Sparks fly as Lando crashes out in Vegas | 00:50

THE FINANCIAL GAMBLE PAYS OFF

The sigh of relief from F1 head office could’ve altered weather patterns.

Despite the frenetic build-up, the controversy of its hyped media campaign and the chaos of the first day of track action, it had pulled of the Las Vegas Grand Prix.

But it was more than just vindication. It was a statement from a sport full of confidence and ambition at the zenith of its new era. The giant F1 logo atop the pit building stands as a permanent monument to its conquest.

Of course Formula 1 was always likely to try to sell the race this way, but even Las Vegas authorities — no strangers to big events — found themselves impressed by the grand prix’s impact.

“November in Las Vegas is typically the eighth-best month of the year,” said Steve Hill, president of the Las Vegas Convention and Visitors Authority, per Autosport.

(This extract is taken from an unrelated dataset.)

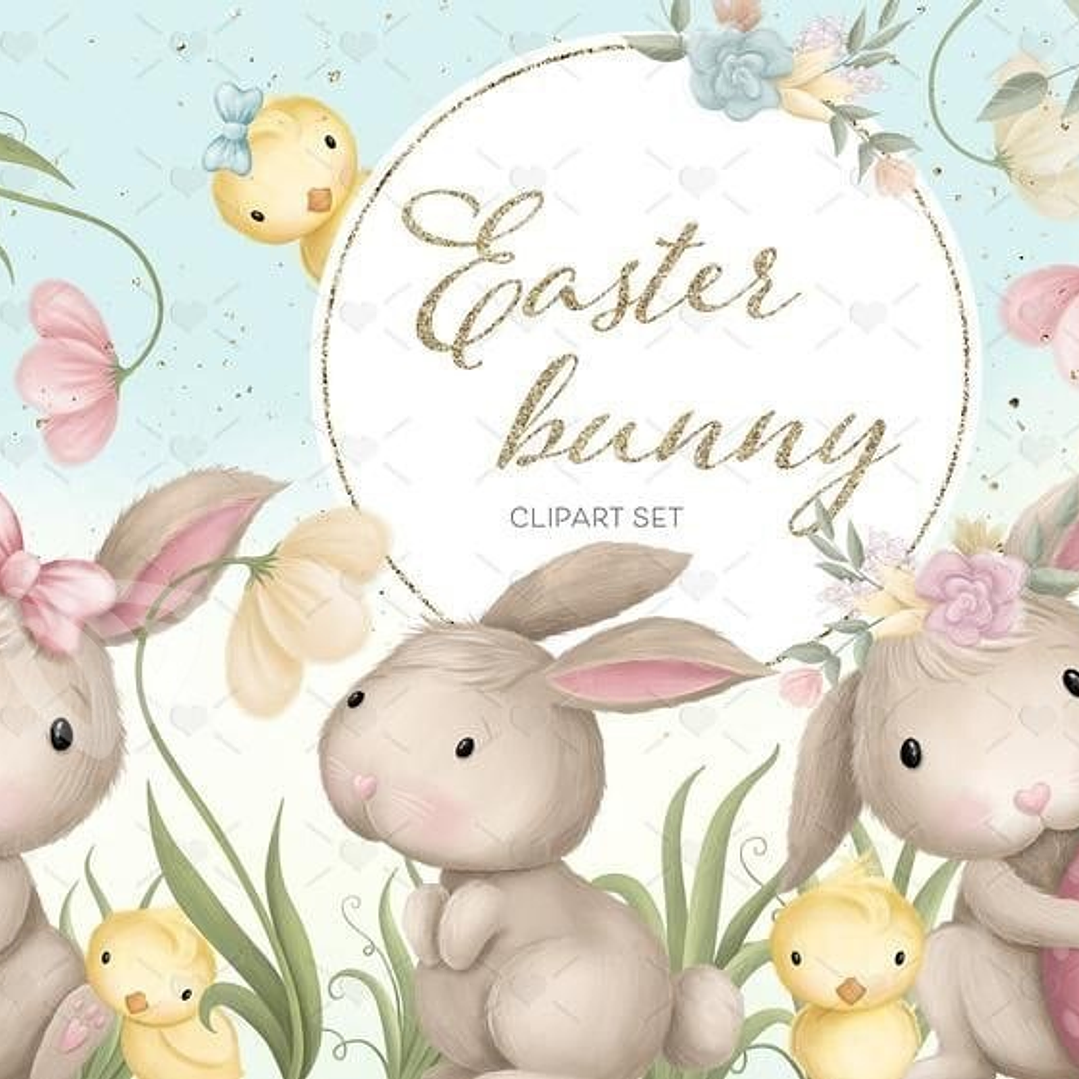 Kit Digital Coelhinho da Páscoa 1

“November last year was the second-best month in our history.

“We knew it would be big, but the attention [exceeded expectations], and frankly, F1 did a fantastic job of building to that race.

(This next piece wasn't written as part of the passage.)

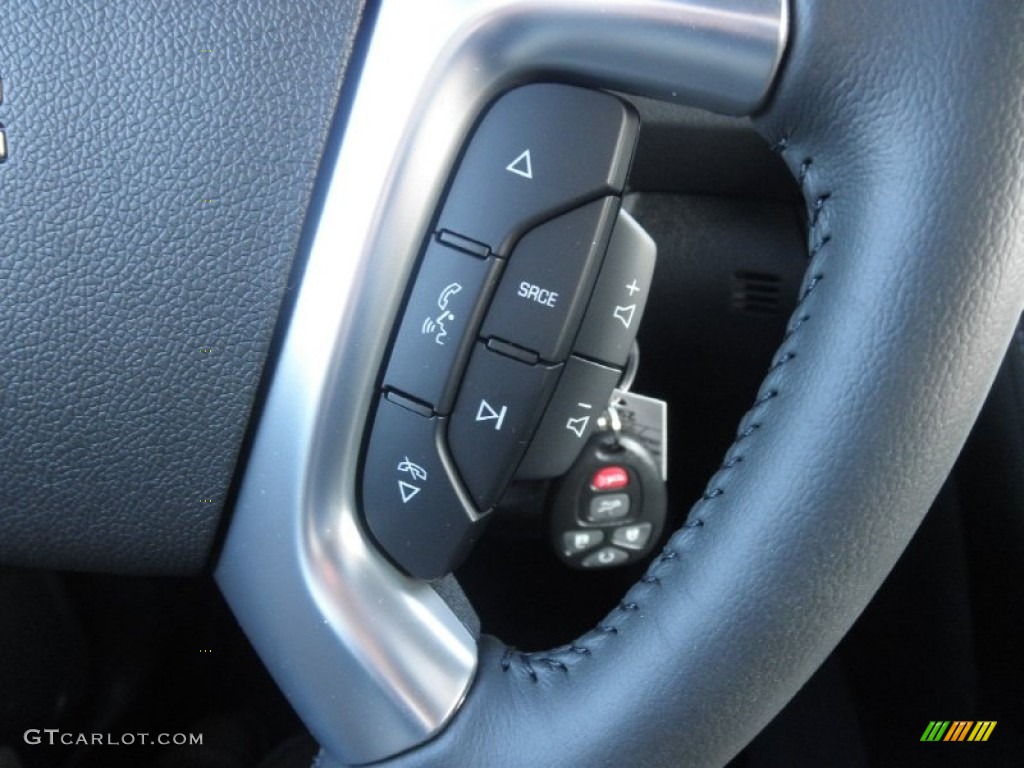 2013 Acadia SLE AWD - Carbon Black Metallic / Ebony photo #12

“It was two or three times more marketing value than we would have expected going in, and we would have been happy with a third of what we got.

“We were going to be thrilled with what we expected, but what we got was eye-opening.

“It’s such a big event that it makes a real difference even in Vegas.

Hill’s glowing assessment is backed up by a report from Las Vegas’s local government describing the grand prix as “the largest sporting event with a global audience” in the history of the city.

The Clark County Commission also said it was the most lucrative event ever held for local authorities, reporting an economic impact of US$1.5 billion (A$2.3 billion) — more than the US$1 billion brought in by this year’s Super Bowl, played just south of the circuit.

“The economic impact was the biggest we’ve ever had. The fiscal impact, the taxes generated by the race, were the biggest thing that’s ever happened in Nevada. That matters.

“What we also got, which is something that is so valuable, [was] eyeballs across the globe on Las Vegas,” added Hill.

“It was a multiple of what we typically get in a given year, all year, just on that race that weekend.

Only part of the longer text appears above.